ECLI:NL:RBDHA:2022:239

Rechtbank Den Haag

Datum uitspraak
13 januari 2022
Publicatiedatum
19 januari 2022
Zaaknummer
NL21.19149
Instantie
Rechtbank Den Haag
Type
Uitspraak
Procedures
  • Eerste aanleg - enkelvoudig
Rechters
  • B.F.Th. de Roos
Vindplaatsen
  • Rechtspraak.nl
AI samenvatting door LexboostAutomatisch gegenereerd

Afwijzing verzoek om voorlopige voorziening in asielprocedure met proceskostenveroordeling

In deze zaak heeft de voorzieningenrechter van de Rechtbank Den Haag op 13 januari 2022 uitspraak gedaan in een verzoek om een voorlopige voorziening in het kader van een asielprocedure.
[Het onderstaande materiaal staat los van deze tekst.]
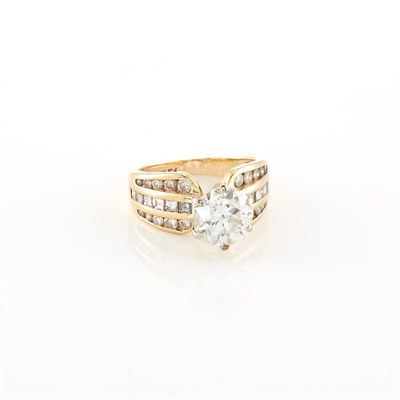 Lot 2046 - Gold and Diamond Ring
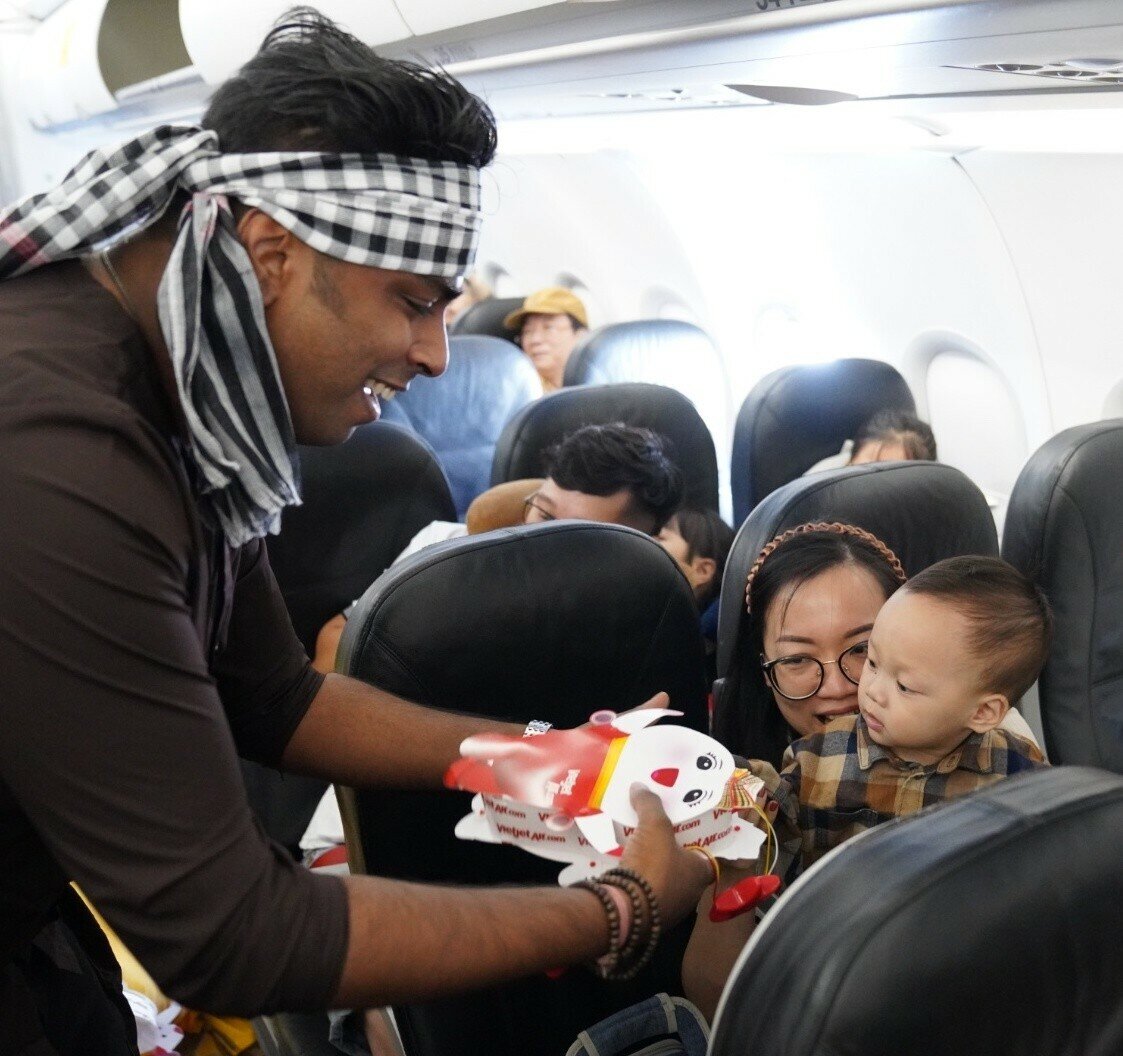 Một h&agrave;nh kh&aacute;ch nh&iacute; được ch&uacute; Cuội tặng đ&egrave;n lồng.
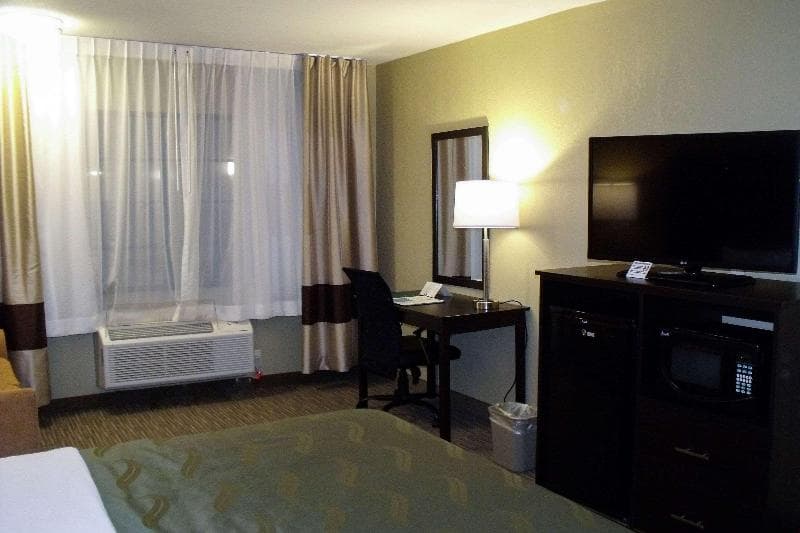 Quality Inn 4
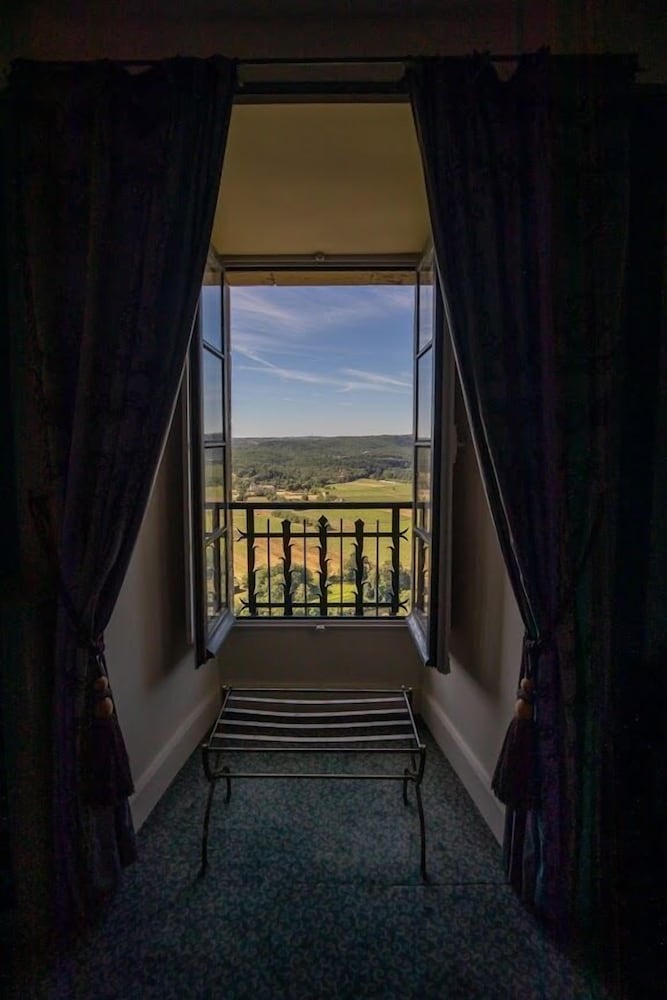 Deluxe Room - Photo 8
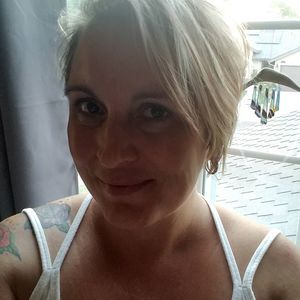 Meet your Posher, Antionette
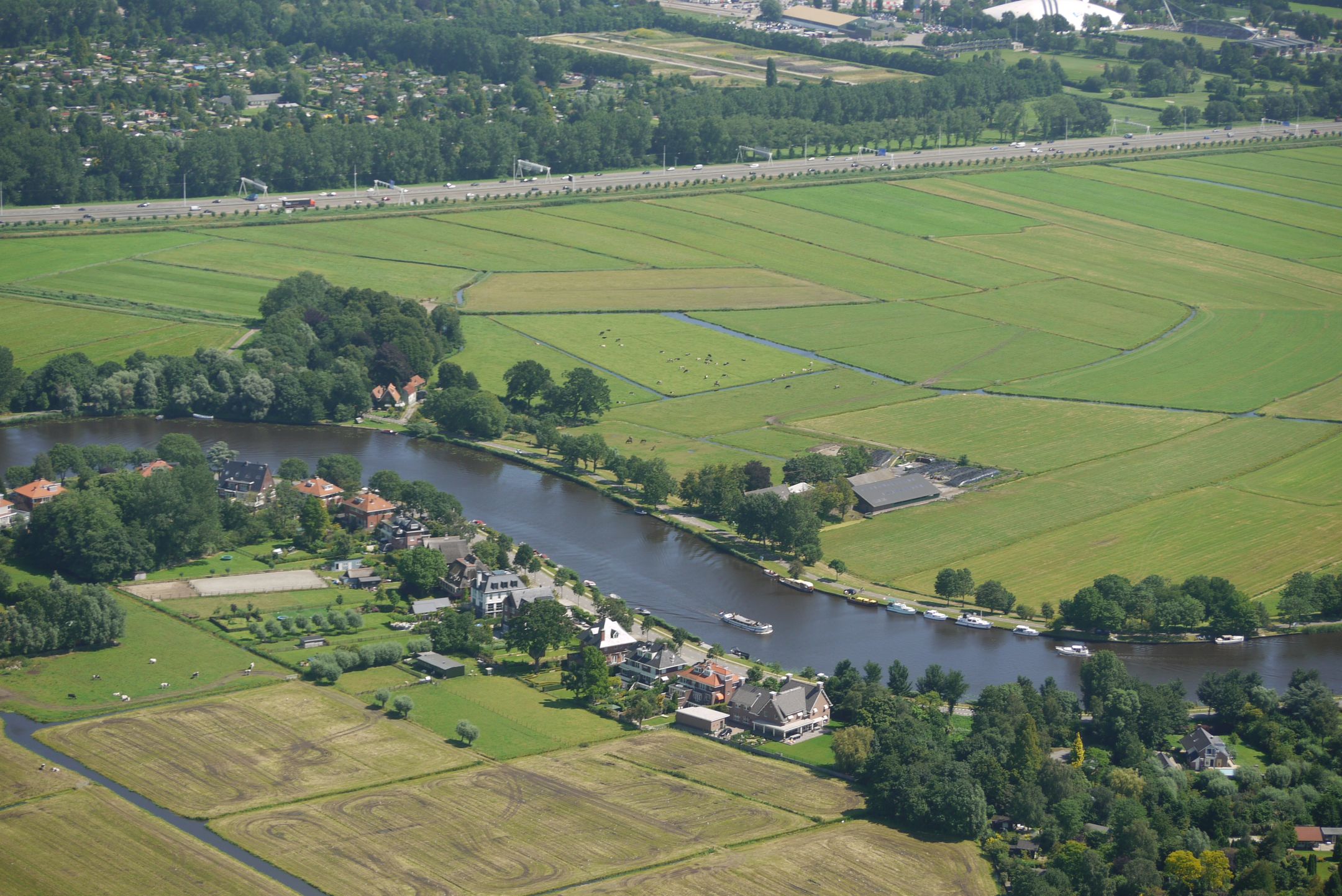 Foto 18 van Amsteldijk Noord 104-B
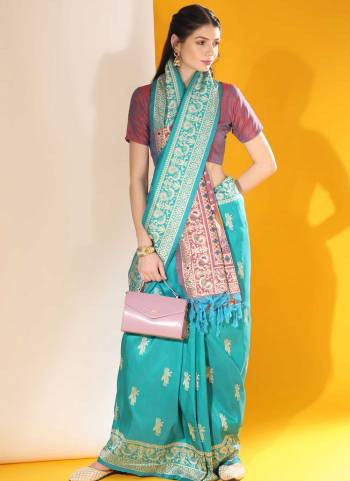 Garb These Festive Wear Two Tone Saree in Fine Colored.These Saree And Blouse is Fabricated On Raw Silk.Its Beautified With Two Tone Weavon Antique Designer.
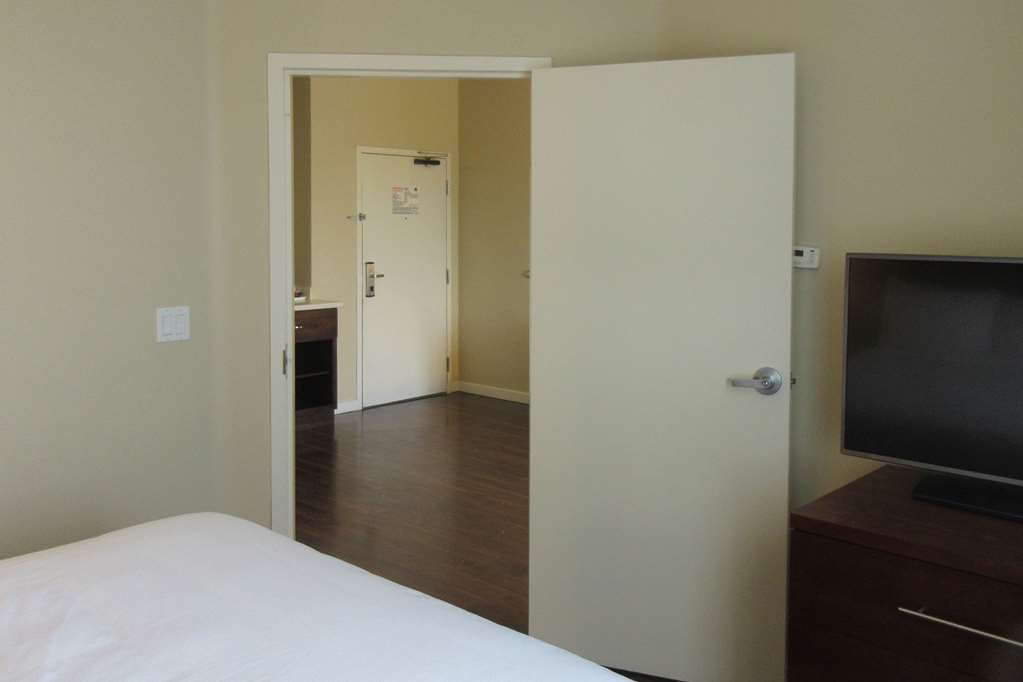 Comfort Inn & Suites Near Ontario Airport Chambre photo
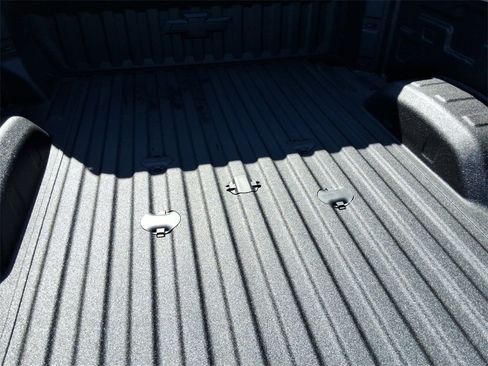 Used 2025 Chevrolet Silverado 2500 High Country w/ Technology Package image 19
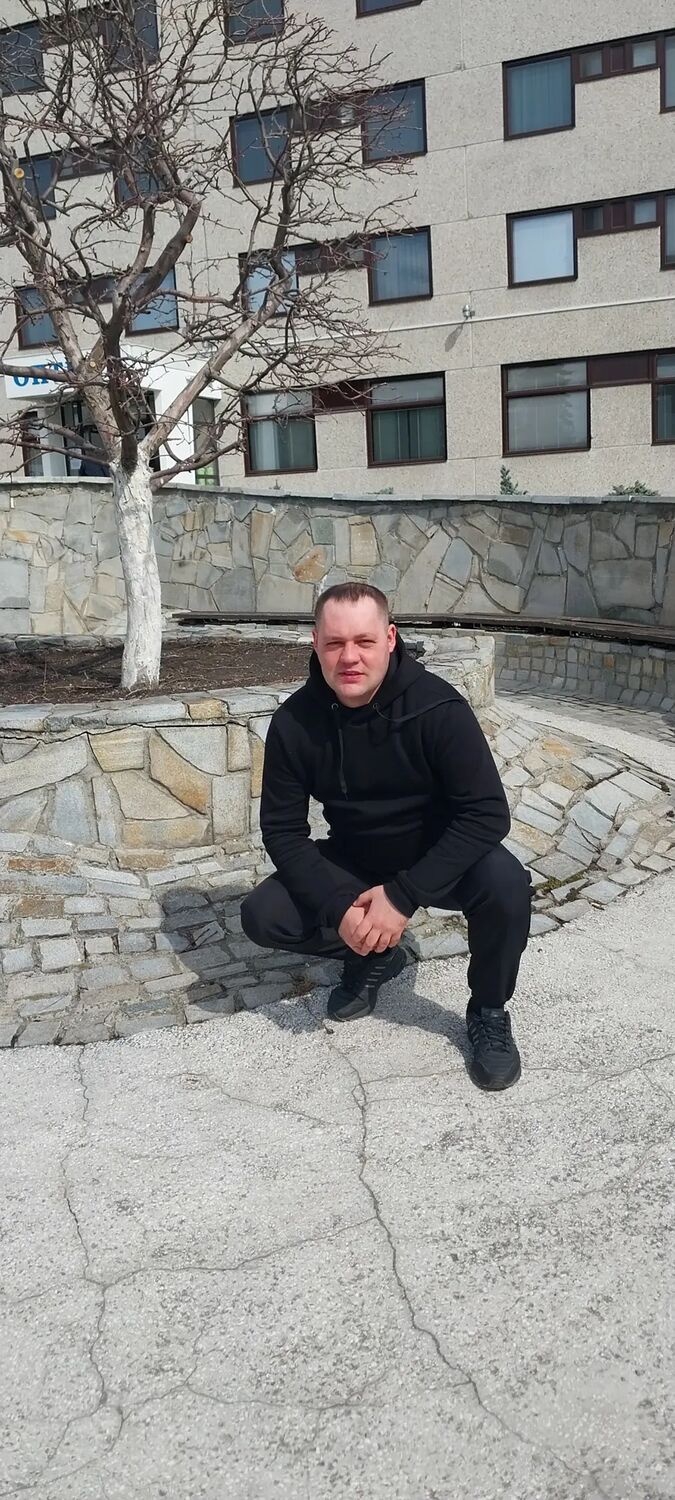  41335243  Denis, 36 ,    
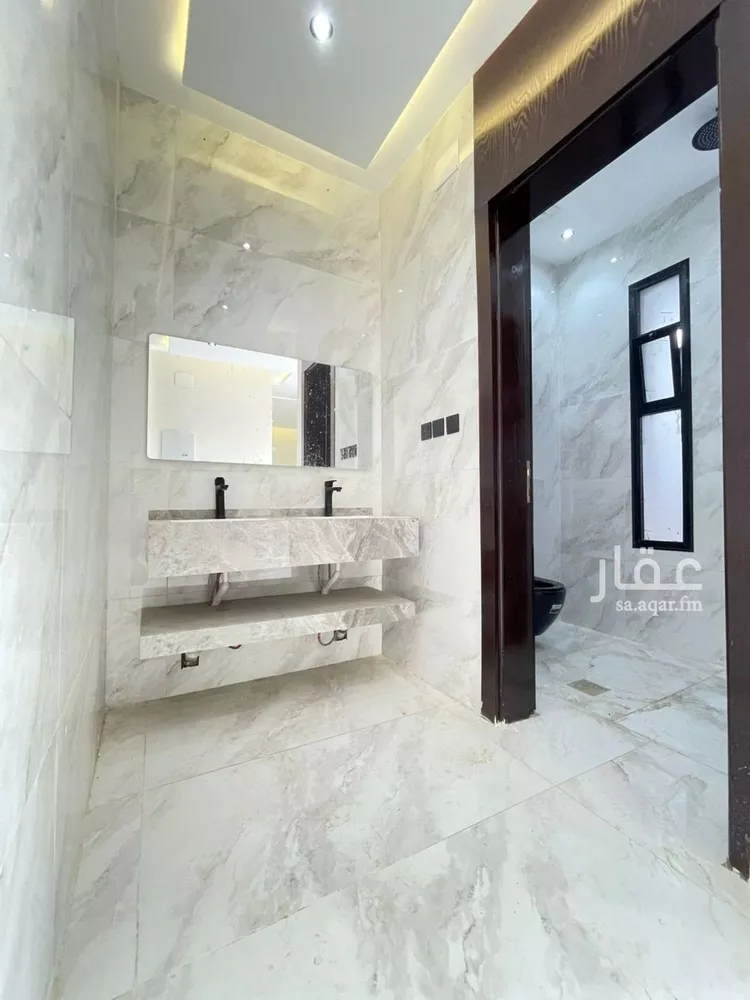 فيلا للبيع في شارع غالب ابن فهر, حي العرفاء الغربية, مدينة الطائف, منطقة مكة المكرمة صورة 2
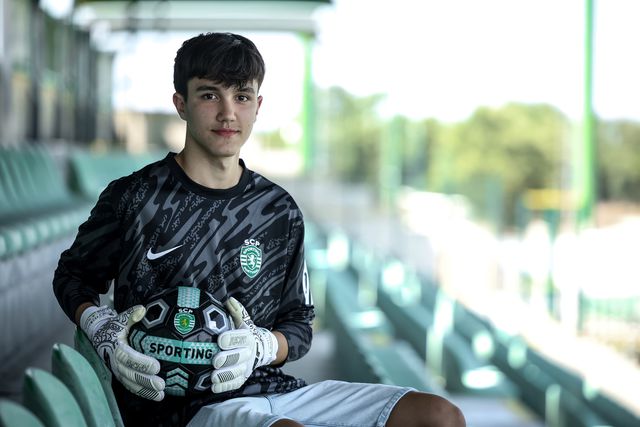 Jovem guarda-redes assina pelo Sporting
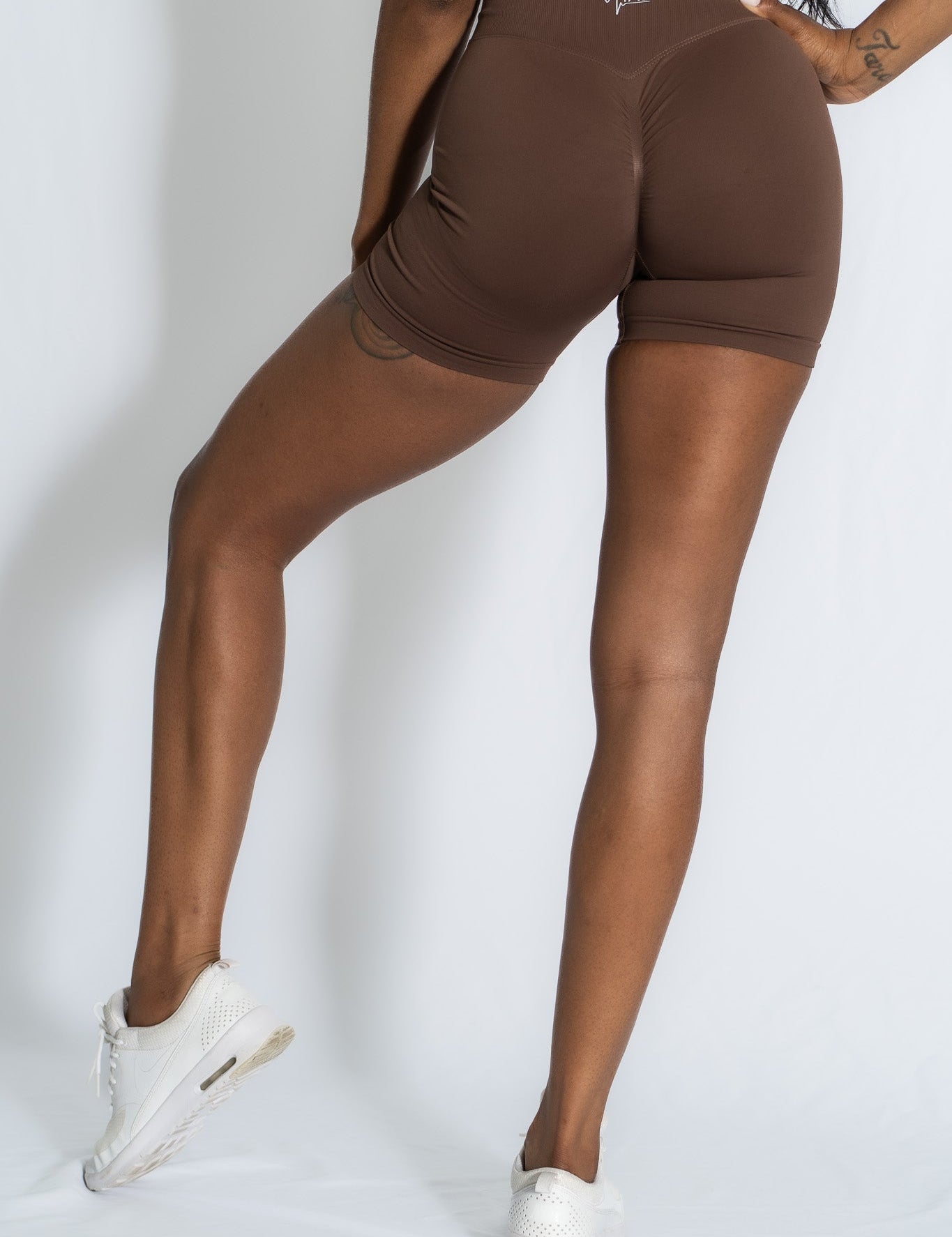 Pinnacle 4" Scrunch Butt Shorts - Coffee - VITAL APPAREL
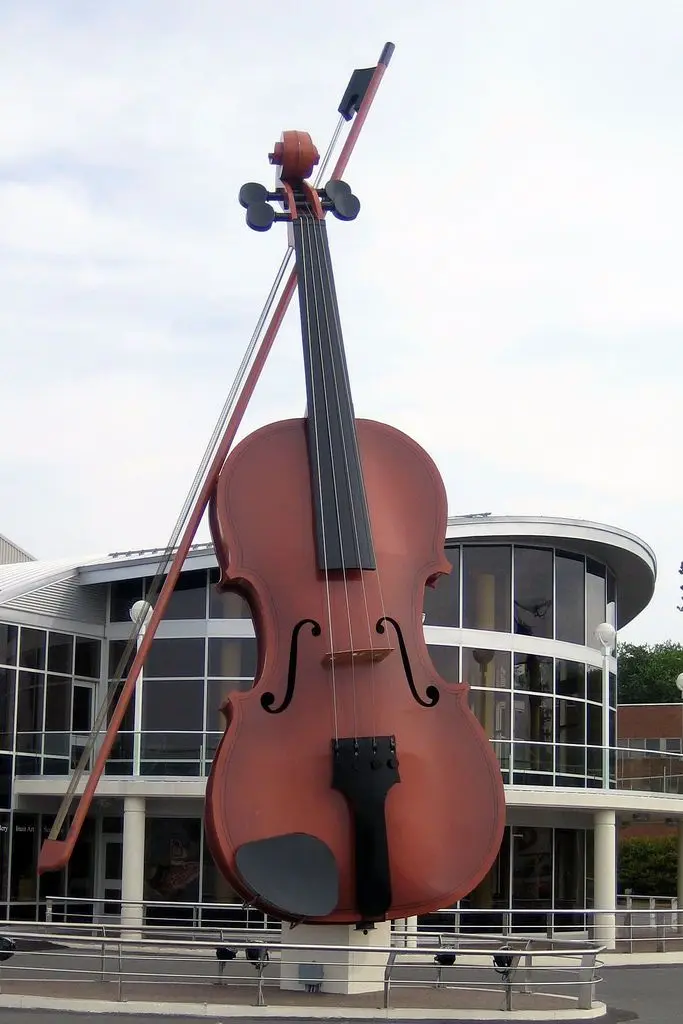 violin nova scotia - Which Canadian city is the world's largest fiddle located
Verzoeker, vertegenwoordigd door zijn gemachtigde mr. G.T. Cambier, had beroep ingesteld tegen het besluit van de staatssecretaris van Justitie en Veiligheid, die op 1 december 2021 de asielaanvraag van verzoeker had afgewezen als kennelijk ongegrond. Tijdens de zitting op 6 januari 2022 in Breda, waar verzoeker aanwezig was met zijn voogd A.K. Hansen en tolk M. Mahassen, is het verzoek behandeld.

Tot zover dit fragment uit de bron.